Of all the sub-genres of metal why Black Metal?
Exile: My opinion is that we, men, never have the right of our own choice, when it comes to such things as the true work of life (for me its music and literature), women and gods or goddesses. In all the three issues, in my point of view, it’s we who are chosen, but it’s not we who are making our own choice. If your soul is really connected with such spheres as mission, love/sex/passion and participation in a certain egregore, it’s you who will be meticulously chosen, and if you are confident that you are the only one who has the right to choose in such issues, you are partially mistaken. Music chooses us, women choose men, gods choose humans. So, one day, in 2007, Black metal started staring at me and I was hypnotized, I stared back at him. We have much in common, probably: my whole life I tended towards the wisdom of vibrations from Below and its system of justice and power of will. Only Black metal can express what I’ve come through in my life at least up to a certain age, and all my passion I have and, I guess will have for quite a long time.

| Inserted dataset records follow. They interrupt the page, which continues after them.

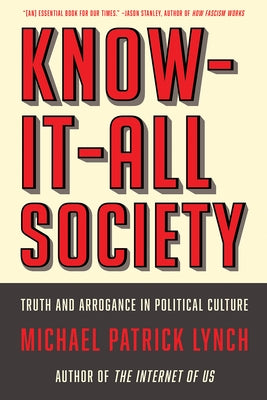 Know-It-All Society: Truth and Arrogance in Political Culture by Lynch, Michael P.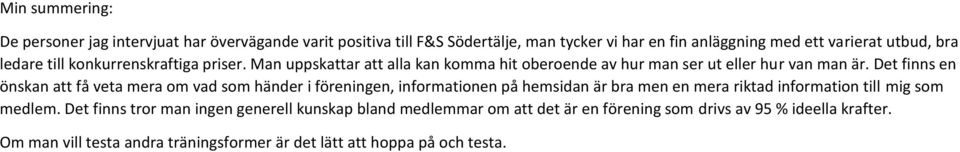 Det finns en önskan att få veta mera om vad som händer i föreningen, informationen på hemsidan är bra men en mera riktad information till mig som medlem.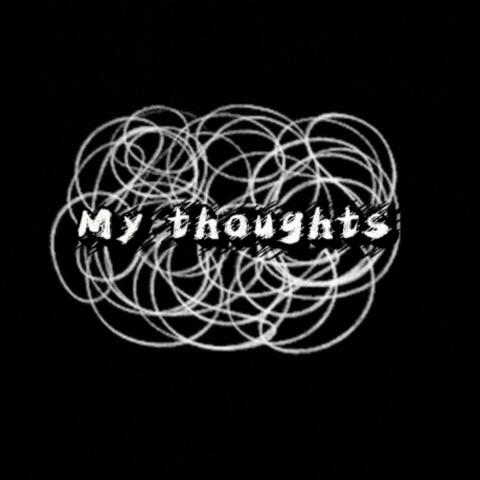 My thoughts (feat. Lilbrogottagen5 & showtimeetyy)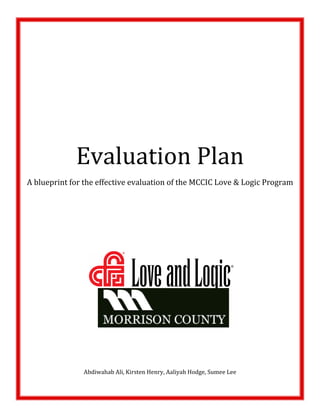 1
Evaluation Plan
A blueprint for the effective evaluation of the MCCIC Love & Logic Program
Abdiwahab Ali, Kirsten Henry, Aaliyah Hodge, Sumee Lee
 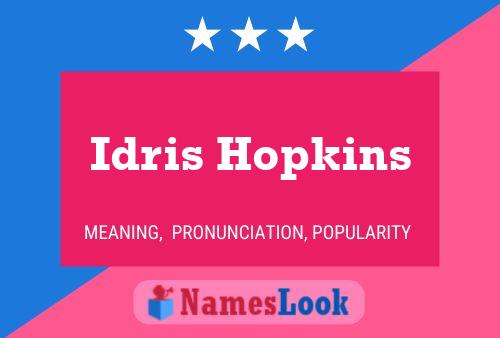 Idris Hopkins Name Poster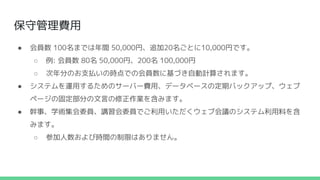 保守管理費用
● 会員数 100名までは年間 50,000円、追加20名ごとに10,000円です。
○ 例: 会員数 80名 50,000円、200名 100,000円
○ 次年分のお支払いの時点での会員数に基づき自動計算されます。
● システムを運用するためのサーバー費用、データベースの定期バックアップ、ウェブ
ページの固定部分の文言の修正作業を含みます。
● 幹事、学術集会委員、講習会委員でご利用いただくウェブ会議のシステム利用料を含
みます。
○ 参加人数および時間の制限はありません。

And, my grandmother was a true witch not by chance – my life, since my early childhood is full of mysticism, of such serious events, which nowadays won’t find enough of material proofs in modern science (at least partially) to be explained away.

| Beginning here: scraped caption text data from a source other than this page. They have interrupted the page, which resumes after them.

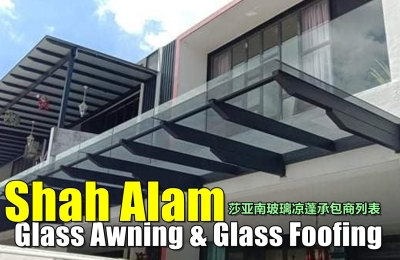 Glass Awning & Glass Roofing Shah Alam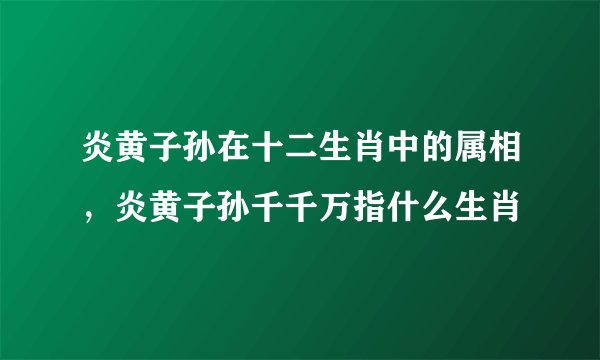 炎黄子孙在十二生肖中的属相，炎黄子孙千千万指什么生肖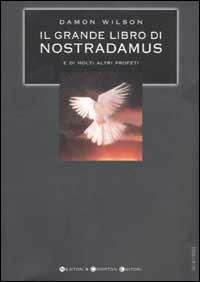 Il grande libro di Nostradamus e molti altri profeti - Damon Wilson - copertina
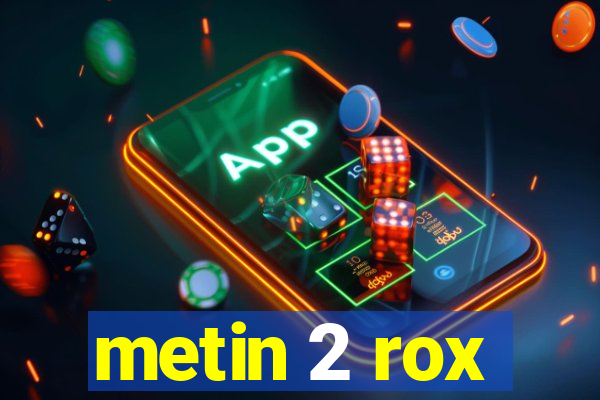 metin 2 rox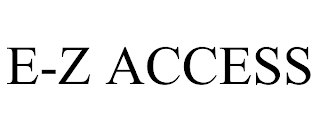 E-Z ACCESS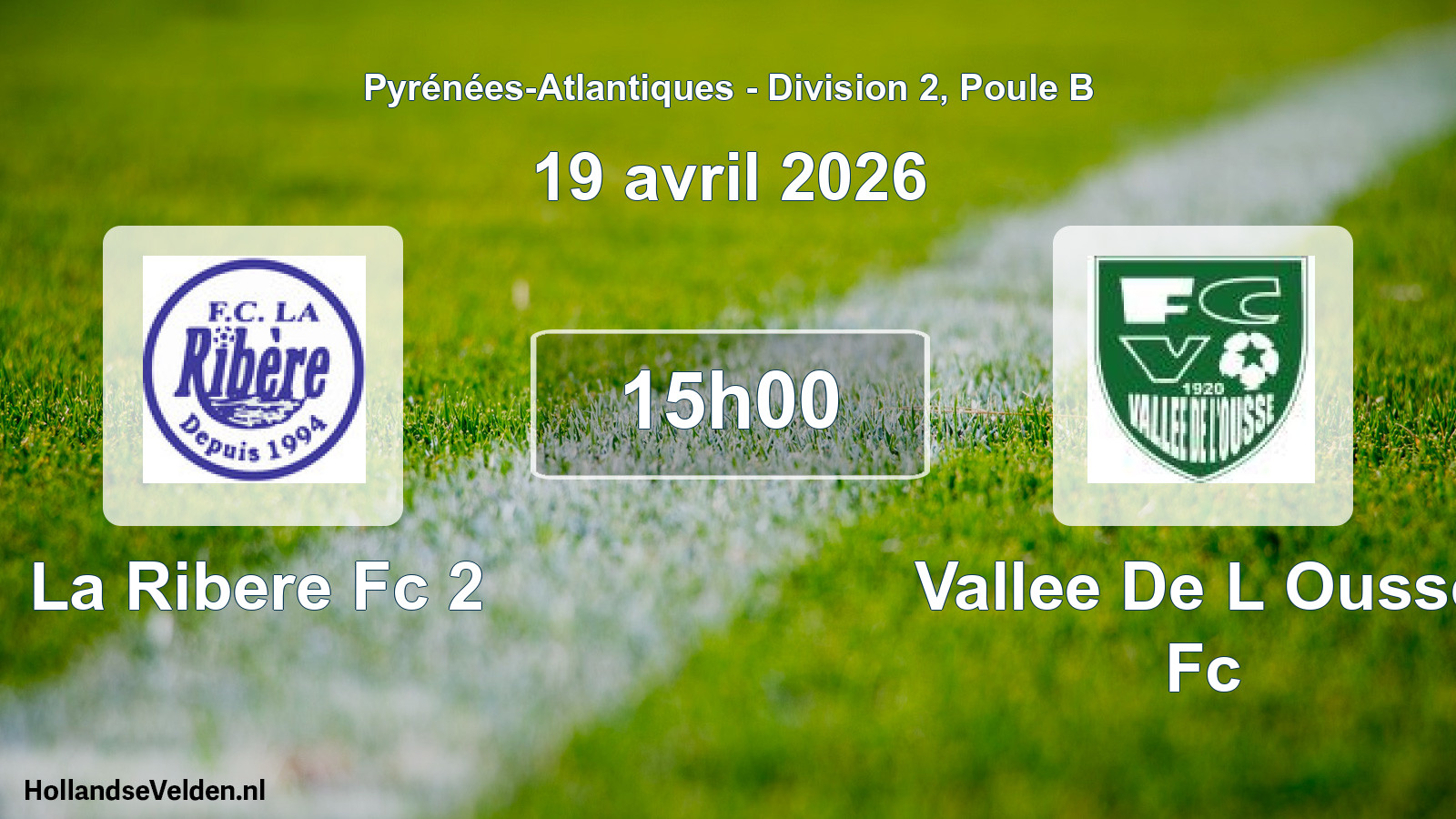 Geplande wedstrijd: La Ribere Fc 2 - Vallee De L Ousse Fc (19 avril 2026)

TIBM: What are your biggest musical influences?
Exile: Lately I have come to the decision that the Polish Black metal still number 1 for me on the Black metal scene (maybe because Poland and Russia, though so different, have something in common in their Slavonic roots). So, this is Mgła and Behemoth, of course, Crionics and Devilish Impressions, Vesania. Number 2 is Iceland: Misþyrming, Svartidaudi, Sinmara. Number 3 is Austria: Harakiri For The Sky, Karg, Belphegor (up to the album “Bondage Goat Zombie”). Finnish “Totalselfhatred” also influenced me a lot.
TIBM: What can you tell us about the Black Metal scene in your home country?
Exile: Well, to tell the truth, I don’t have deep knowledge on the history of Russian BM scene. I don`t know exactly who were the real pioneers here, but as far as I heard, one of them is Baal Zebuth and some side projects of Sadist, the mastermind. Such projects as SS-18, Lashblood, Deathmoore.
Culturally Russia always tends to lag behind, so lately I see that we have serious BM or BM-based bands that are already highly appreciated in the world: Ultar, Grima, Todestriebe, Second To Sun, Morokh. I would also mention the bands which are just gaining their popularity, and they deserve to be mentioned: Черноявь, Illt. I`m also a fan of our Psalm 666, which is not active many years, regretfully.
TIBM: Do you think that Russian history has influenced the Russian underground metal scene as a whole and your music in particular? If so, how exactly?
Exile: Of course the history forms a sort of collective unconscious, the mindset of a nation, types of world outlook, separating the society into different and mostly closed hypothetical social groups. Black metal is always a subculture of society’s outcasts – one way or another, but anyway a culture of separated individuals. Russia has always been a country, tending to different authoritarian or totalitarian regimes, which always tried to suppress natural personal enhancement. That is mostly the same reason, I think, why punk was born exactly in conservative England. But Russia is a much more complicated maybe firstly because of its too big territory. Nowadays Black metal expresses many things which were the torns of Russian collective subconscious, I think: Magic, as the endeavor of personality to grow spiritually either Below or Above, (as it is shown by Hermes Trismegist in the Caduceus), creating your own will; Heathen themes expressing the strife to find real roots of your blood; Strife for freedom as throughout the history we can witness suppression of personality from Russian Orthodox Church, monarchy and communist party and secret services also.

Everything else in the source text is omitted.